Thursday, 19 July 2018

Ticket to Ride









July is well underway and the summertime lull is starting in earnest.

I’ve been trying to arrange a catch-up with Jeanne for a couple of weeks. After a few days of radio silence, she texts me back, apologetic. Her schedule for the next two months is chocka. She reminds me she’ll be on tour with her old group until the end of the month, then she’ll be on leave for a chunk of August. We’re not sure when we’ll next see each other this side of September.

Another church acquaintance, Serafine, texts me excitedly about her summertime plans to visit Gabon, where she was born and raised. I try to be pleased for her.

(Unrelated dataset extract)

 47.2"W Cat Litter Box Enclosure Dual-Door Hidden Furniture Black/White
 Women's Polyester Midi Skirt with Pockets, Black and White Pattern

Selfishly, all I can think about is how my limited Strasbourg networks will be evaporating before my eyes for the next two months.

Later that week, during one of my unofficial French lessons with my heartache Bernard, the (admittedly melodramatic) sense of abandonment that has kicked in is further reinforced. We’ve already discussed our individual summer plans piecemeal but it suddenly dawns on me this could be our last meeting for a while. He’s not sure about his schedule the following week. He’ll have to cover for a colleague who’s going on leave before jetting off to Chicago himself. I’ll be away the following week and then he disappears for half of August. The lunchtime chat takes on deeper significance. I savour what I can of the moment. My eyes linger appreciatively over his freckles, the glossy locks (not a hint of grey!), smooth butterscotch skin, a whisper of stubble that I’ve never before noticed, the flash of deep dimples when he smiles and of course, those mesmerising crystal blues.

We spend half an hour in the corridor, discussing his love of the States. I’m not entirely convinced, I tell him, it’s not a part of the world I have a burning desire to visit for a variety of reasons. But conversing prolongs our inevitable separation that much longer. We’ll play it by ear about the following week. To brace myself for the disappointment of possibly not seeing him until early Autumn, I do my summer farewells there and then. As the realisation dawns, Bernard makes a split-second gesture in my direction; for a hug or cheek-kiss I don’t know. This is unchartered territory for us. As quickly as it takes me to notice, he thinks better of it. He retreats so swiftly, I wonder if I’ve imagined it.

I think I’m gonna be sad, I think it’s today, yeah. The boy that’s driving me mad is going away…

Back at my office, I listen to The Carpenters’ superior interpretation on loop.



The spiritual and emotional malaise that’s been creeping around the edges for the past few months hits me with full force that week. A welcome email from a dear UK-based friend prevents me from bursting into tears at my desk. It’s one of a very long chain of profoundly honest, soul-searching messages. I like the idea of living in Strasbourg. I like the aesthetic of the town but I cannot ignore how isolated I feel. My mind's been churning over the usual existential questions about suffering; both personal and on a larger societal level. My soundtrack for part of that week is Paul Simon’s rueful Still Crazy After All These Years album; more existential angst channelled through Country, Blues and Philadelphia-soul influences. To my mind, Simon speaks directly to the wretchedness and complexity of the human condition in a way few can. He makes me feel understood.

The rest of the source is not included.